Decatur (n) a city in Eastern Indiana
I’ve always tried to take my little and make it more.
I don’t think it was solely based on pride.
I felt a calling to make things better and more harmonious through the use of common sense and humor.
That being said, there is a danger with aspiration. To aspire often means we need to perspire, and even expire.
Putting forth effort often invites futility.
So long, long ago in our country, which seemed far away, I had a music group. We met a fellow in Detroit who was an ex-drug addict, was very clever, comical and had a good message. It occurred to me that we possibly could get him into some schools to speak on the dangers of drug addiction, and that our music group could “play him on” and “play him off.” I shared this idea with a young minister at a Christian church in Decatur, Indiana.
He was so enthralled with the idea that he enacted it.
Yes, he scheduled our group and our ex-druggie friend into three schools in the county, with a rally in the evening to be held at the City Auditorium.
It was big.
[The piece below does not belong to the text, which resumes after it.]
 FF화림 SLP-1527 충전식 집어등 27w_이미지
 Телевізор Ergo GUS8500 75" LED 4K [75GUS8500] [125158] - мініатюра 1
At least, big for us.
It was especially promising when our friend from Detroit agreed to drive down and do the schools and the rally. He arrived, we went to the first school—and everything went pretty well.
I was a little uncomfortable with how freely he bragged about the drugs he took as a way of communicating to the students that he knew what he was talking about.
It was worse at the second school. Matter of fact, the only times he really connected with the students were when he was promoting his former drug use instead of his conversion.
I was upset.
I asked him if he could calm down the drug talk a little bit, and he explained that without him appearing hip to the students, none of them would listen.
To my surprise, he became upset with my intervention, stormed out of the third high school before the program began, left and went back to Detroit.
Our little white Middle-America group was left alone, to do the third school and the evening rally.
I would like to report to you that it went great.
I would like to say that we didn’t need our Detroit friend. But when the students arrived for the rally that evening, they were greatly disappointed that Mr. Cool was not in the building and they were stuck with us.
It was a long night.
I really don’t know what the moral of this story is.
I suppose you could take away that making a stand in the middle of something that’s been pre-planned is a dangerous idea. Or you could say that objecting to something you disagree with is always necessary, no matter what the repercussions.
But I have to tell you, even as I relate the tale to you now, I sure would like to know how good it would have been if our Detroit token toker had stayed around.